There was a cruise ship in port, and it had disembarked its passengers earlier that morning. Some of the crew were moving about on the deck. They were in the background for me at first. However, what they were up to captured my attention and I watched them on and off for awhile.
They were cleaning the funnel. Probably the more nautically-oriented of you have a more technical name for it. The part of the ship that the smoke comes out of.
From where I was sitting, it didn't initially look like it needed cleaning. Several stories tall, it was shining white like the rest of the ship. Their efforts at first occurred to me like a scheduled task to be done whether it needs it or not (with the focus on 'not' in my judgement), because the schedule says it gets done on, say, Saturday.
There was a team of them working together. They had a long handled broom, and a hose, and they had another apparatus that looked very low tech - a large, white towel stretched over what seemed to be a wooden frame.
Two of them climbed up to the top of the smoke stack.
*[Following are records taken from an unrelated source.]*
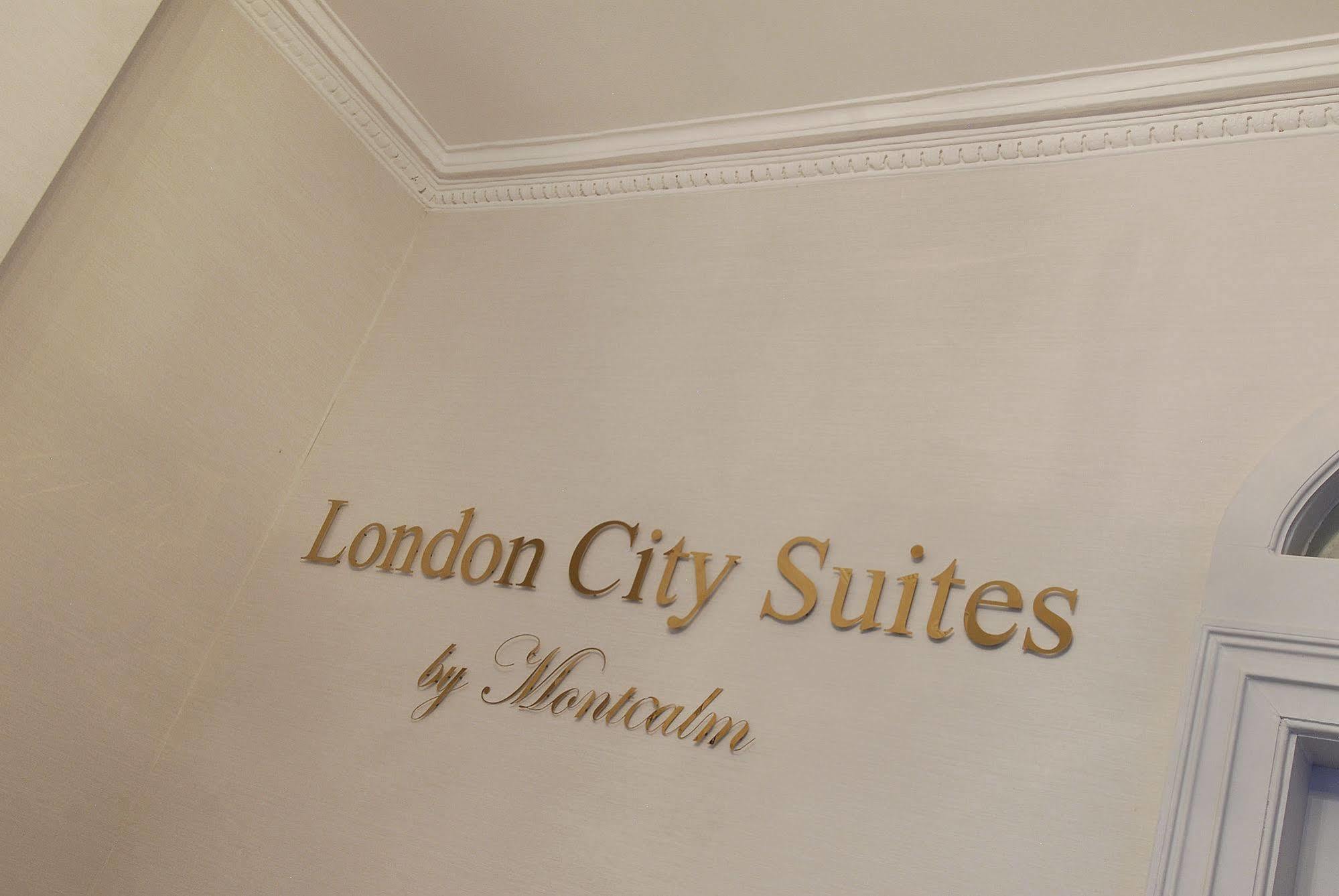 Montcalm Brewery Townhouse Hotel Londres Exterior foto The photo shows a wall display featuring the text "London City Suites" in a bold, gold-colored font. Below that, the words "by Montcalm" are written in a smaller, elegant style. The background appears to be a neutral-colored wall, possibly in a hotel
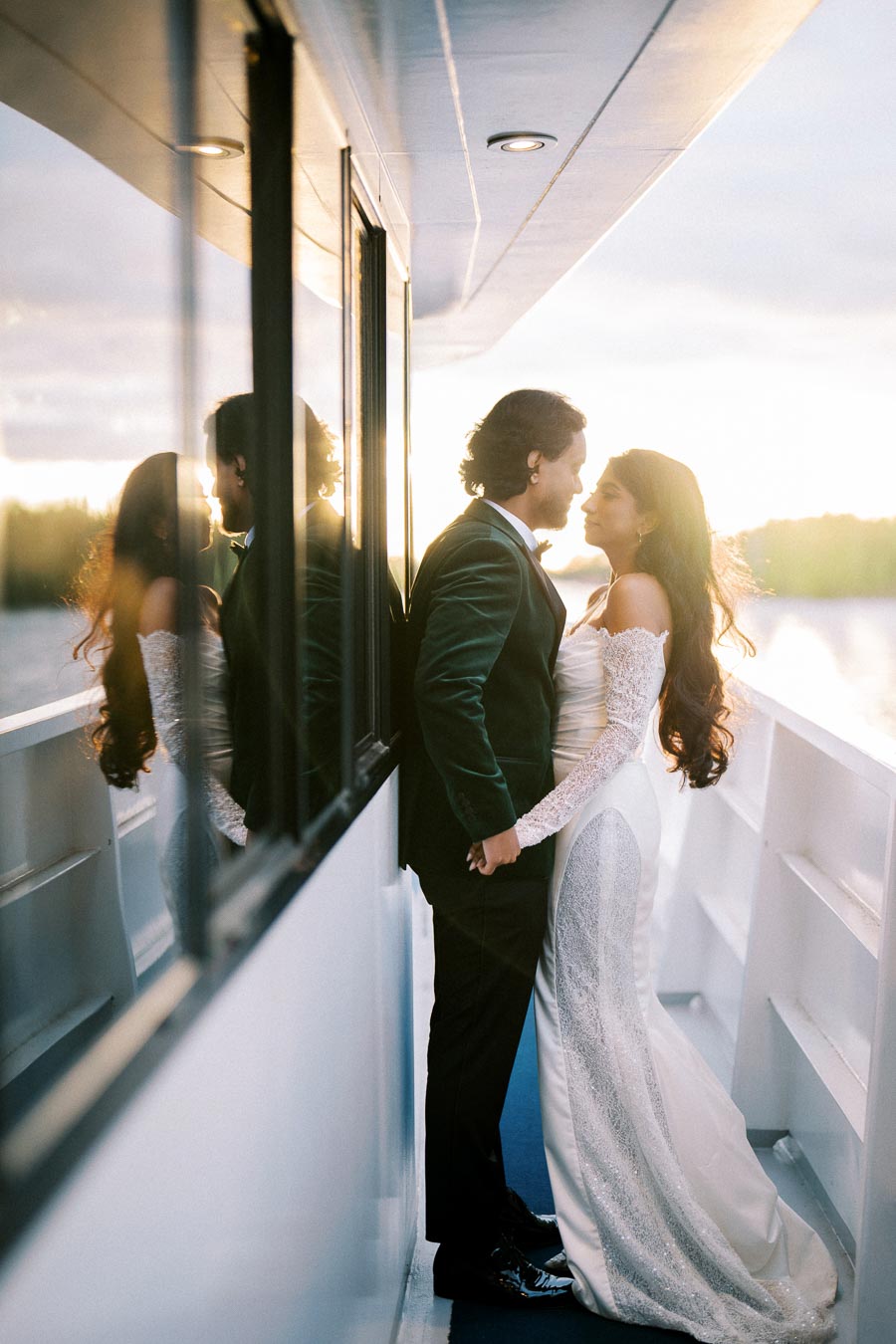 A bride and groom share an intimate moment on a boat at sunset, with the sun casting a warm glow over the water. The bride wears an elegant white gown, and the groom is in a formal suit, holding hands. Reflections of the couple are visible on the boat's windows.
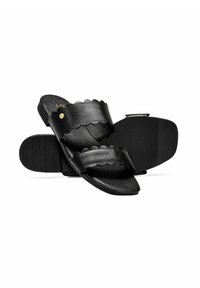 Czarne skórzane klapki z falistymi paskami i złotymi akcentami. Płaska gumowa podeszwa o teksturowanej powierzchni dla lepszej przyczepności.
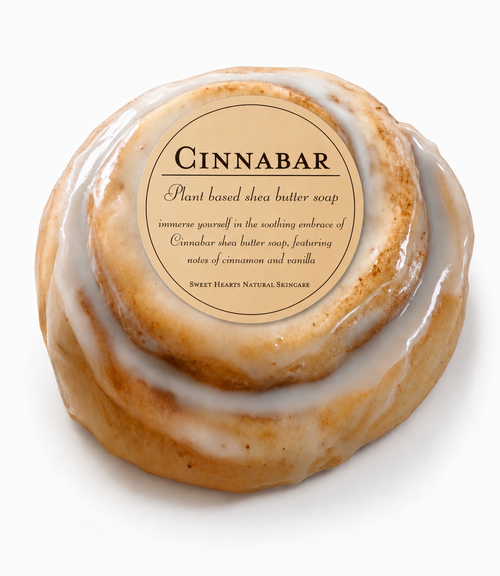 A round bar of Cinnabar Shea Butter Soap styled like a cinnamon roll with white icing, featuring a circular label on top with the brand name 'Cinnabar' and scent notes of cinnamon and vanilla.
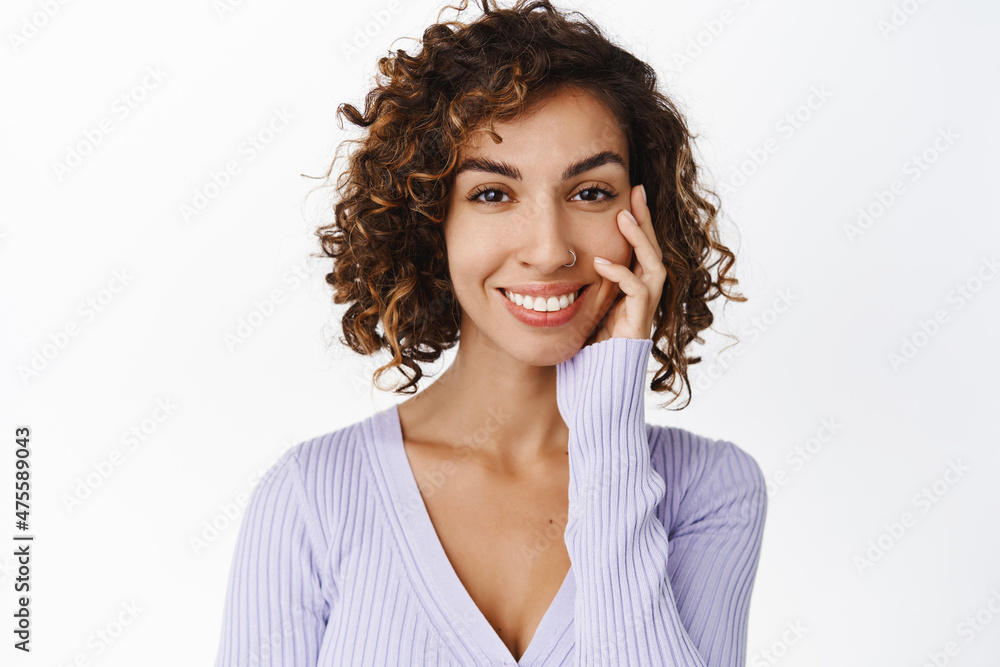 Close up portrait of beautiful curly woman, middle-eastern girl with glowing healthy skin, touching face and smiling happy, standing over white background Close up portrait of beautiful curly woman, middle-eastern girl with glowing healthy skin, touching face and smiling happy, standing over white background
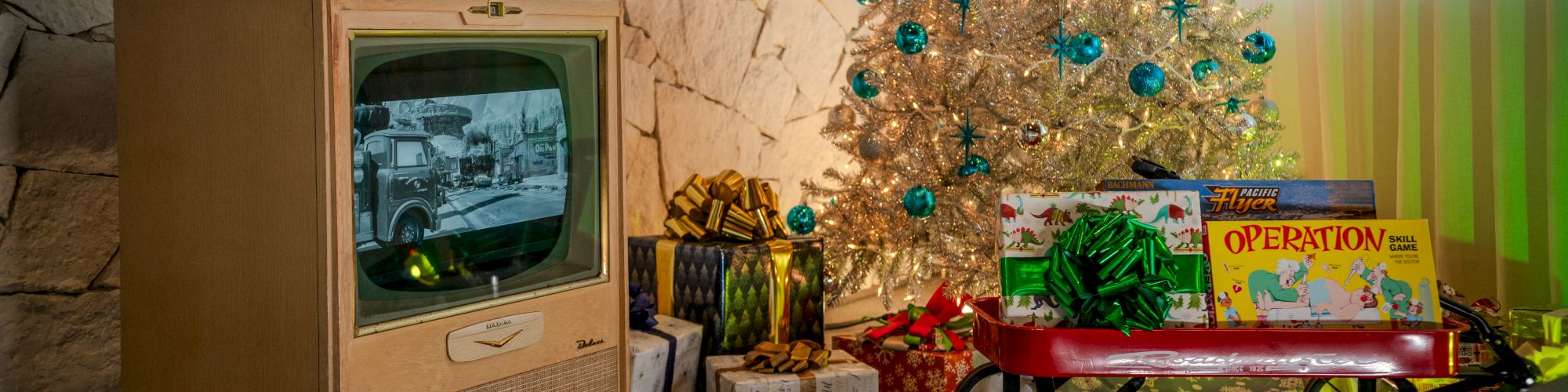 Vintage room with a Christmas tree, presents, a wagon, and an old TV displaying a black-and-white image.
One had the broom and a bucket, and scrubbed his way around from the top. The other at first had a hose, and poured water down the sides. Then he worked with the others below to raise and lower the towel apparatus with some ropes. It wasn't until they progressed with their task and dragged the apparatus up and down a couple of times that I could see the funnel was actually quite dirty.
The task didn't take them that long really, less than 2 hours. The funnel was sparkling by the end.
I learned a few things from watching them. Such as...
- Sometimes tasks that don't look like they need to be done, actually do.
- Some tasks need to be scheduled to get done because if they aren't scheduled, more urgent tasks can usurp them, leaving them never completed.
- Low cost solutions can be just as effective. This team didn't use expensive tools but they got the job done and done well.